Uma esplanada sobre o mar

“Se eu soubesse a palavra,
a que subjaz aos milhões das que já disse,
a que às vezes se me anuncia num súbito silêncio interior,
a que se inscreve entre as estrelas contempladas pela noite,
a que estremece no fundo de uma angústia sem razão,
a que sinto na presença oblíqua de alguém que não está,
a que assoma ao olhar de uma criança que pela primeira vez interrogou,

(…)

– se eu soubesse a palavra,
a única, a última,
e pudesse depois ficar em silêncio para sempre… (Vergílio Ferreira, Uma Esplanada sobre o Mar)

“Toda a aldeia era feita de um tempo muito antigo. Nas casa, nas ruas, nos usos e nos costumes. Mesmo os corpos dos aldeões, no jeito especial de os utilizarem, tinham também um toque rude e primitivo. O modo de andar, por exemplo, era desengonçado e langão, como se levassem às costas a sua carga de séculos. Mas era sobretudo nas casas que o peso do tempo mais se sentia. A gente olhava-as e via logo que tinham sido construídas no eterno. Lôbregas, escuras, entroncadas, todas elas eram sombra, e nada melhor para se saber que a vida humana é transitória. Nascia-se nelas ao longo das gerações, vivia-se até à morte, elas ficavam.” (Vergílio Ferreira, Uma Esplanada sobre o Mar)

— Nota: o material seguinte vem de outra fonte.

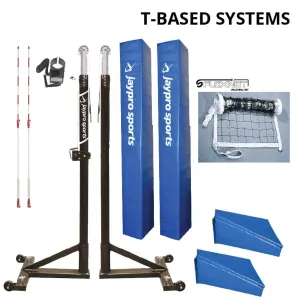 Jaypro T-Base Competition Volleyball Net System (FeatherLite Pin-Stop Height Adjust Upright)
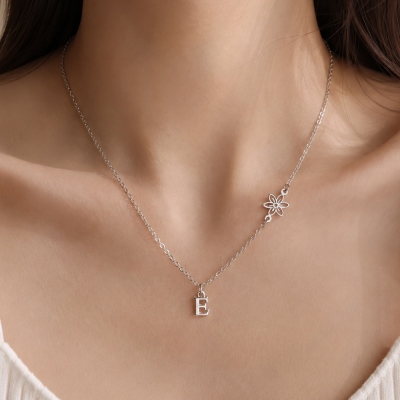 Custom Birth Flower Necklace with Initial, Sterling Silver 925 Dainty Letter Pendant, Daily Wear Jewelry, Anniversary Gift for Her/Women/Girlfriends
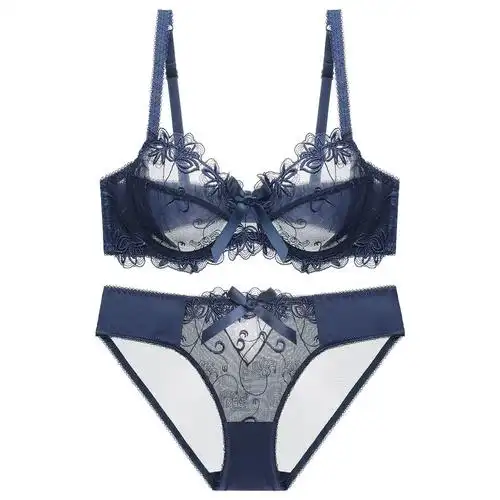 大码内衣女 法式超薄舒适性感网纱透明文胸套装 刺绣蕾丝热销胸罩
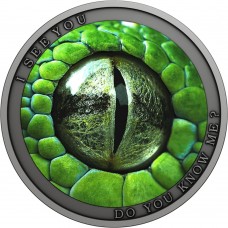 2021 1/2 oz $1 NZD Niue Wild Afrika Do You Know Me Green Mamba Snake Silver Coin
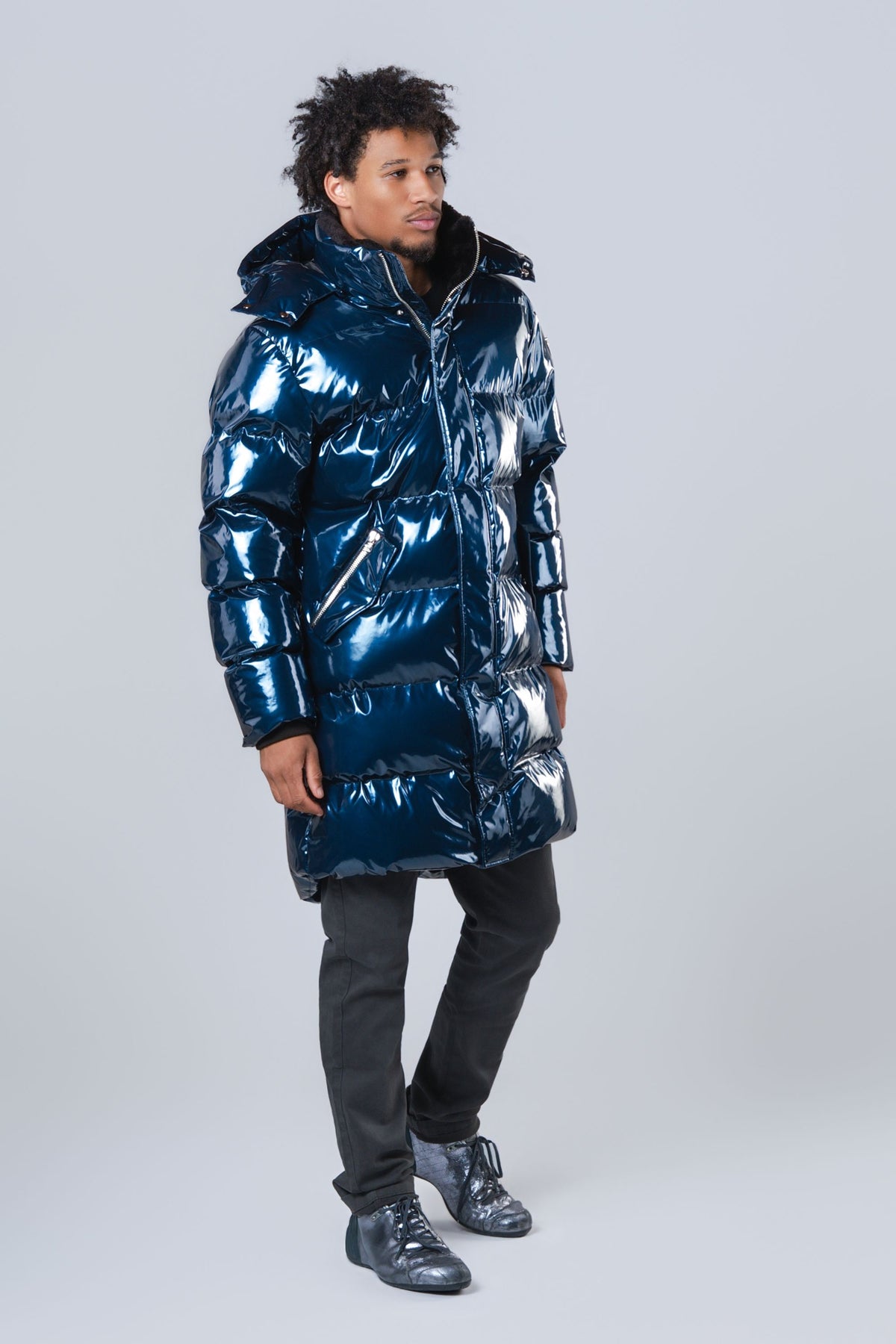 Men's Penguin Long Coat - Glossy Navy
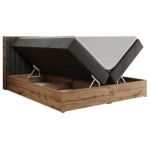 Łóżko kontynentalne ALBERO 4 180x200 - H4 - ciemnoszary, welwet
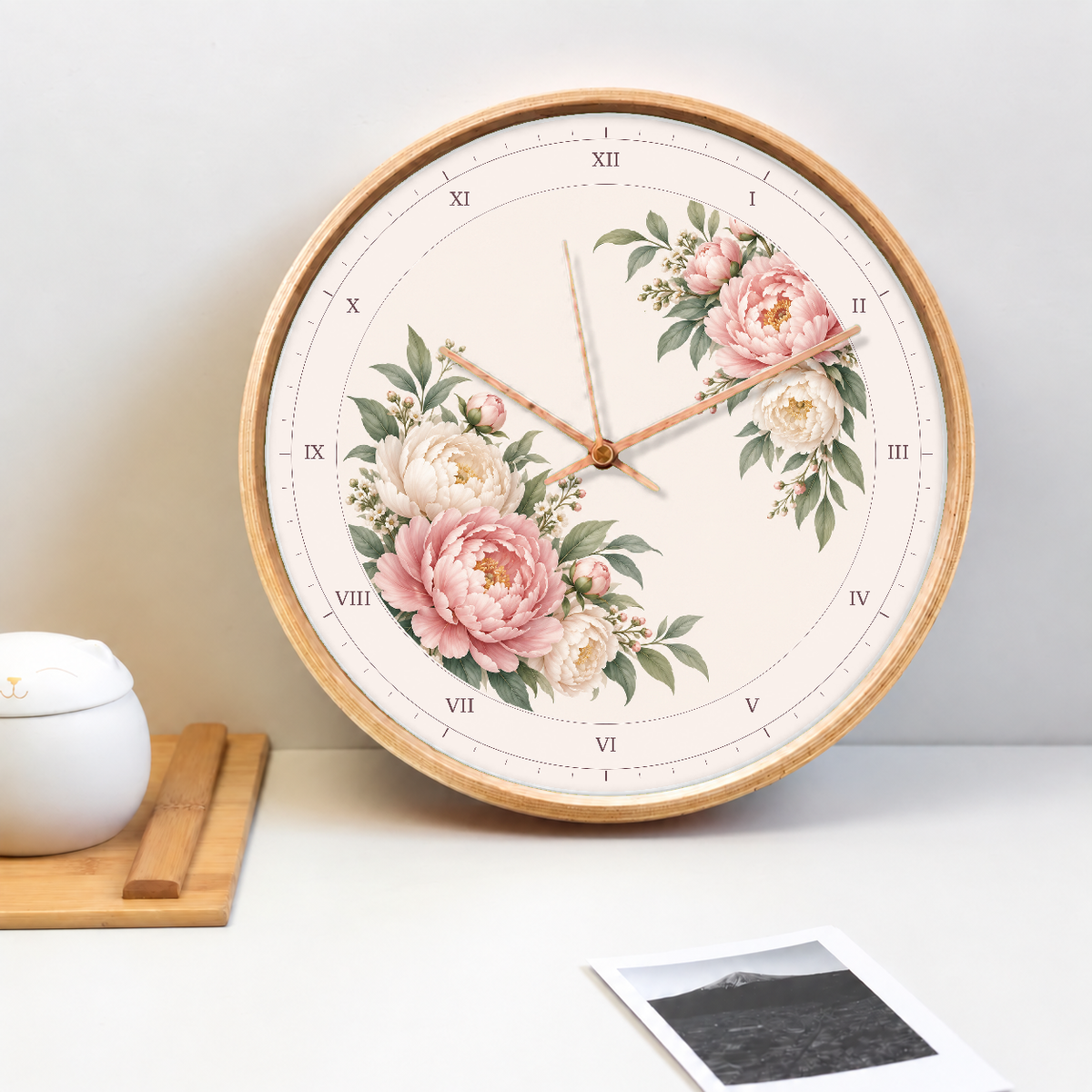 IMAGE_02_Tabletop_-_Pink_Peony_Wall_Clock_30cm_Wooden_Frame_-_WC-F019_-_649310203673.png
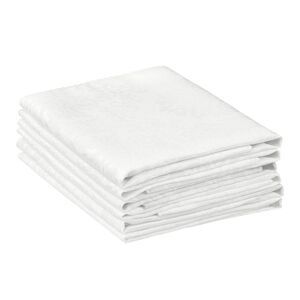 6 Pack Polyester Napkins, Printed Floral Napkins 19x19Inch White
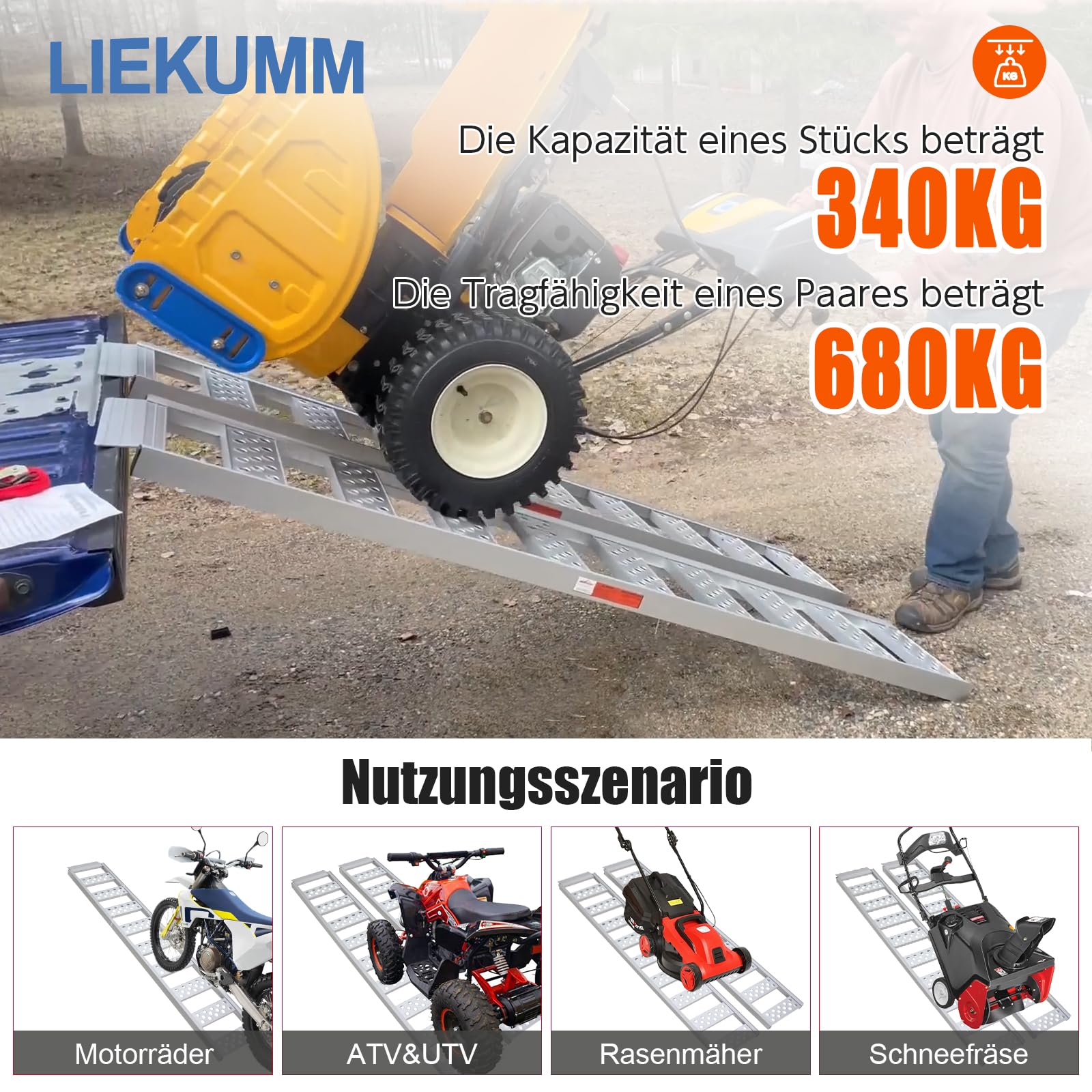 LIEKUMM 2 x 195,5 cm Auffahrrampe, 680 kg Tragkraft Auffahrrampe für Anhänger, Aluminium Leicht Motorrad Rampe für ATV, Motorrad, Fahrrad, PKW, Auto Laderampe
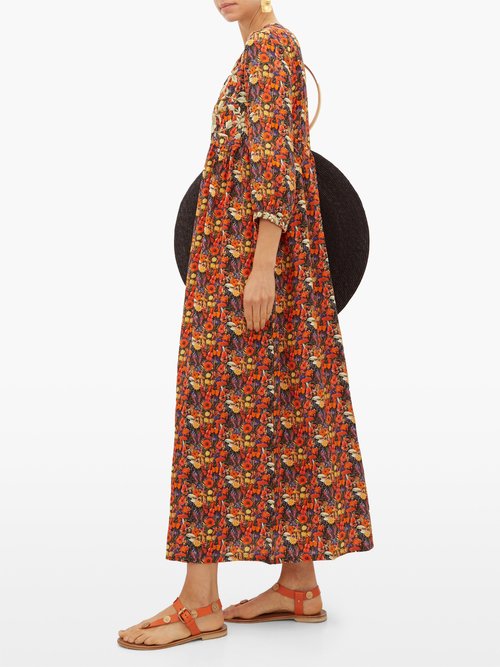 Muzungu Sisters Touba Embroidered Floral-print Silk Dress Orange Multi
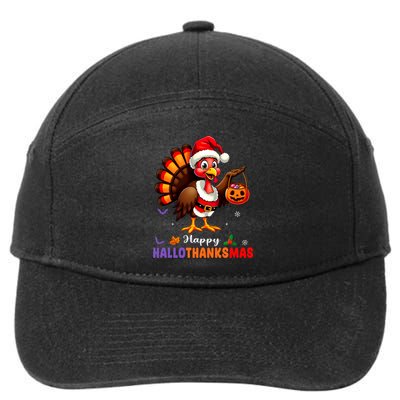 Happy Hallothanksmas Halloween Thanksgiving Christmas 7-Panel Snapback Hat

“Seja como for, estes poemas, vindos pela segunda vez a público, obrigam-nos a uma releitura e talvez a uma clarificação do que antes era impressão global, em leitura despreocupada.

Quanto à temática, os poemas aí inseridos, em número de quinze e em blocos de cinco, não desmentem as obsessivas preocupações do seu autor.

(…)

A funda impressão que a leitura de Uma Esplanada sobre o Mar nos deixa é a de o mundo aqui plasmado é um mundo que arrasta consigo o peso da desgraça. De palavras que parecem feitas por medida, para serem exatamente (e apenas) o que são, de frases onde nada se esbanja, mas onde se percebe o que se diz e o muito que fica por dizer, estes contos – à exceção de ‘Sociedade recreativa’ – trazem consigo o selo mortal. Como sempre em Vergílio Ferreira.”